Shame is to bring a past situation into the present, applying a standard to it you do not meet, which creates an internal conflict that is felt and expressed as shame.

4/4/2020 7:35a.m.

Sitting outside, bundled up because it’s cold.  Sun’s up over the ridge. Sipping my coffee, tuning in.

I wanted to maybe talk about “shame,” about being ashamed.  The other day I did something, where I was in the legal right, but I could have been “the greater man” and given in. And now I somewhat feel ashamed over it.

What I am getting here, though, is this:  “there is nothing wrong with standing your ground.”

How can that be, in a world where all is the same [ and ultimately one]?

The Club: We are here.  That is not the issue. You, as humans, do live in a word of separation. In this case, giving in, would it have lessened the separation?

Hmm, there would have been less conflict, or turmoil.

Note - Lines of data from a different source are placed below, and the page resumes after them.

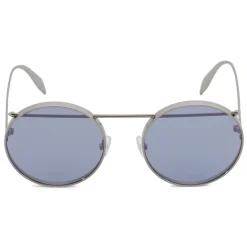 Alexander McQueen - Metal Round Piercing Sunglasses - Silver Violet - Alexander McQueen Eyewear - Avvenice
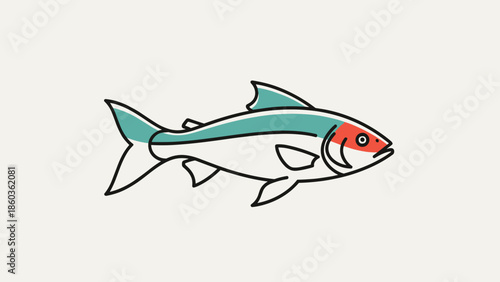 Illustration of a Fish with Teal and Red Accents.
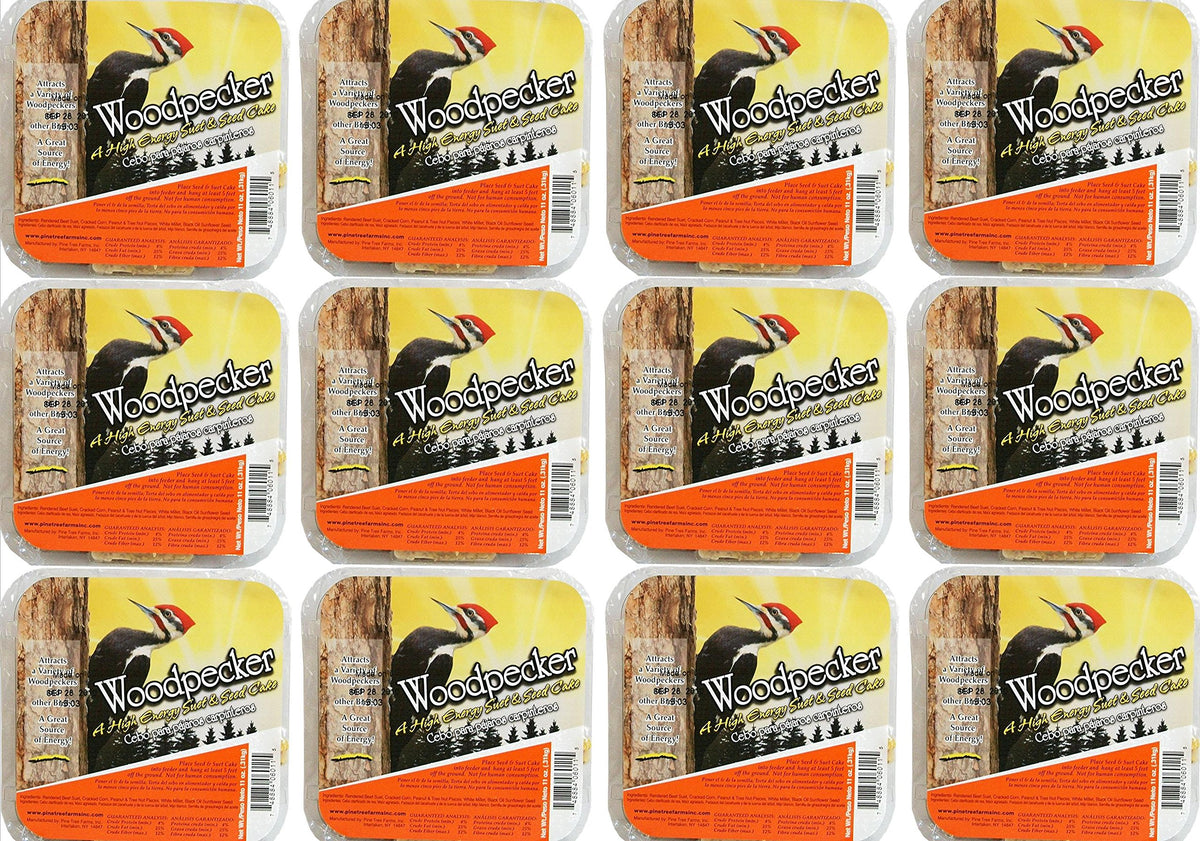 Pine Tree Farms 12-pack suet cakes, USA-made, suited for easy use in standard feeders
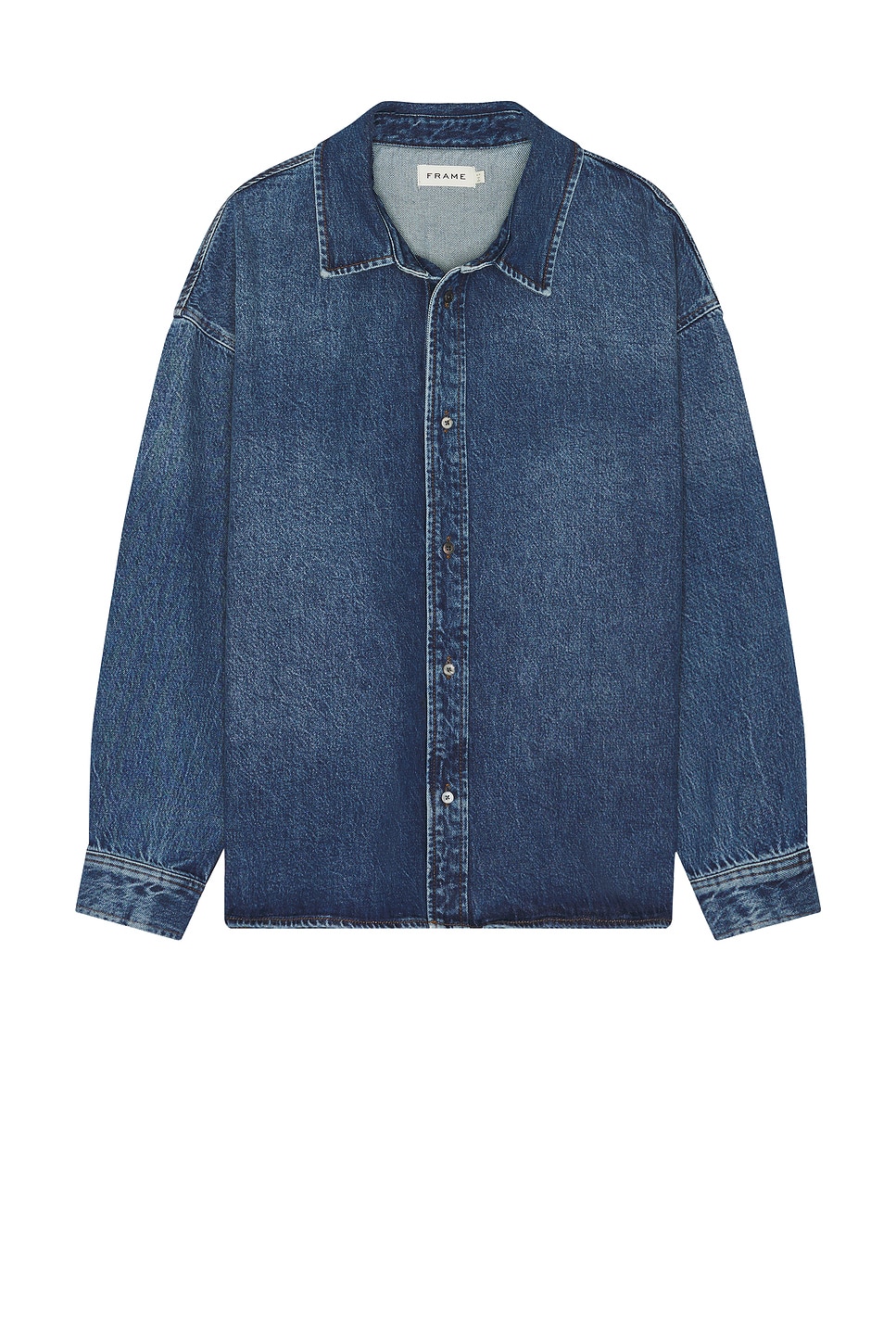 Relaxed Heavy Denim Shirt in Blue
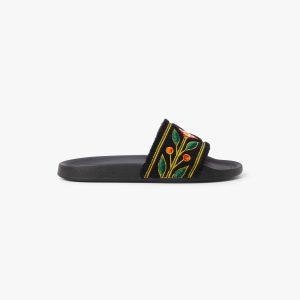 Men's Black Embroidered Terry Slides
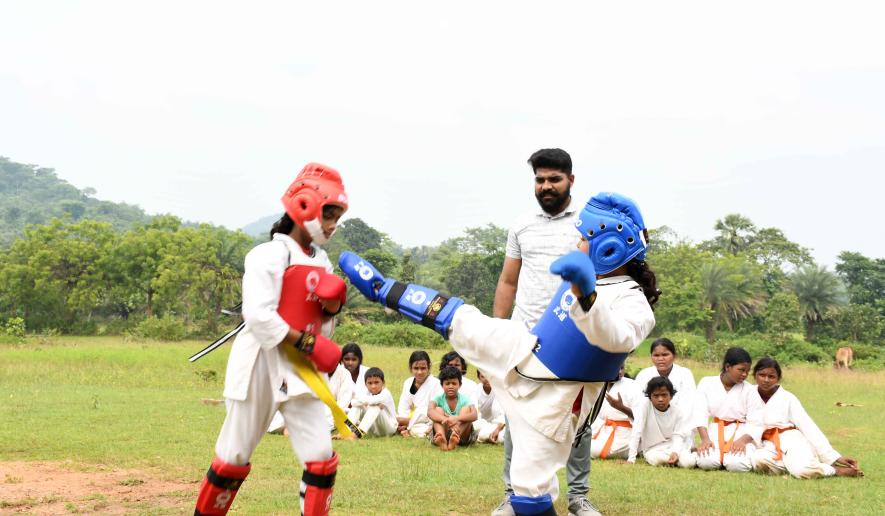 Ongoing self-defence training at Keliapathar village under Ranibandh Block, Bankura,  in Bengal’s Jangalmahal.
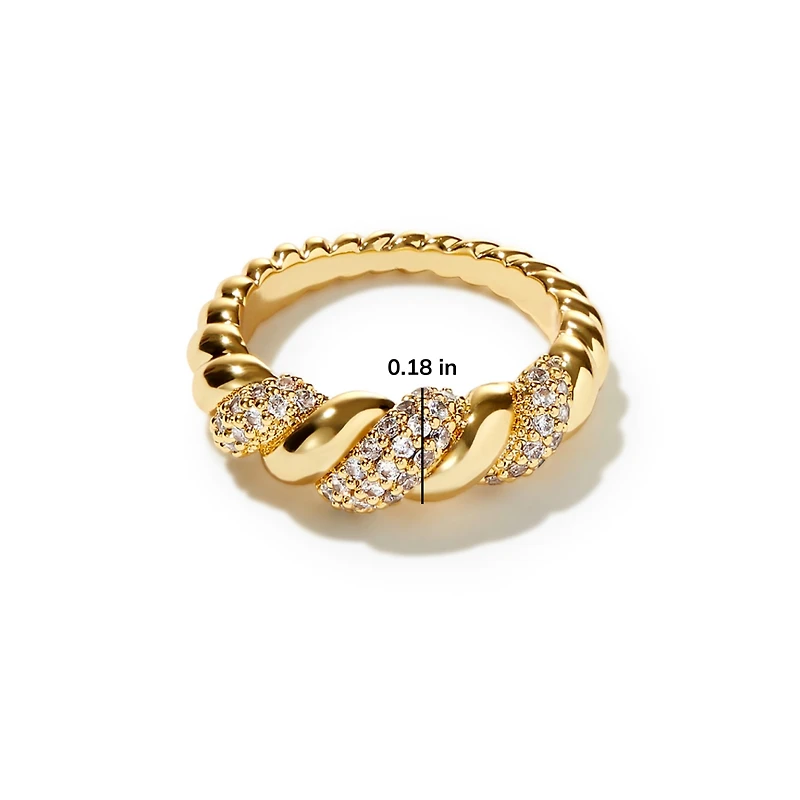 Ana Luisa Rope Ring - Pave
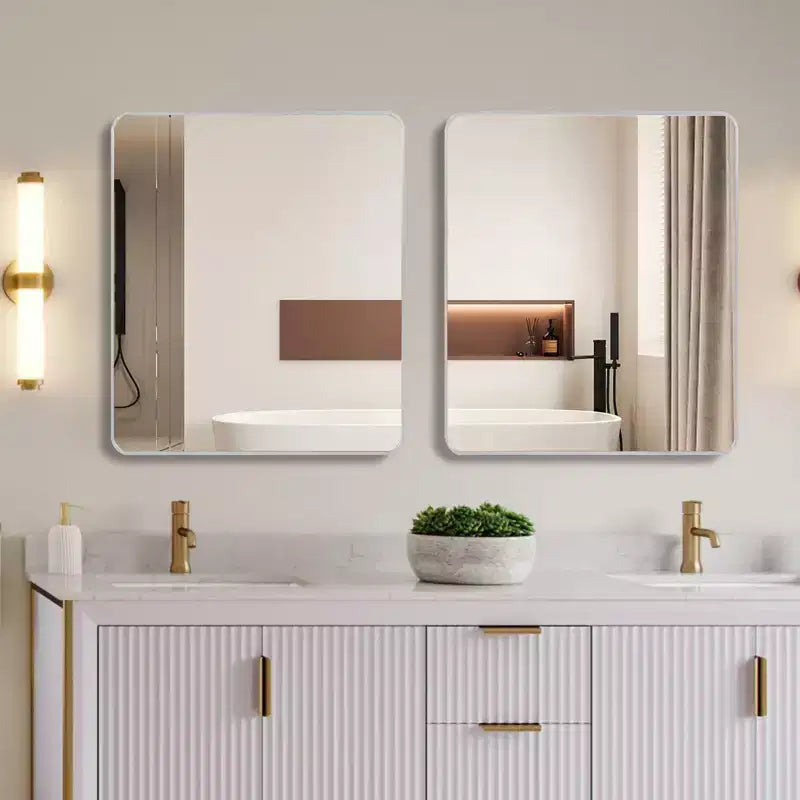 Specchio da bagno quadrato con cornice in metallo da parete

If you had given in, then you may gotten mad that you had given in and that you would have been further late.  So there was to be turmoil one way or another.  You were already in a bad mindset. And there would have been frustration one way or another.

At this moment, you were not ready to “just eat it,” or let it go.

Correct. I would have gotten p.o.ed that I let it go.

So you just transferred that into the external. And since external and internal are really just one – it’s all the same.

So we went from [talking about] feeling ashamed to conflict !?

Feeling ashamed is also a conflict.  You are conflicted about an action you did and how you think you should have acted.  Now there is a tension.
Here, you hold up some standard over your action that you ultimately did not meet and thus feel ashamed.

So feeling ashamed is ultimately psychological conflict.  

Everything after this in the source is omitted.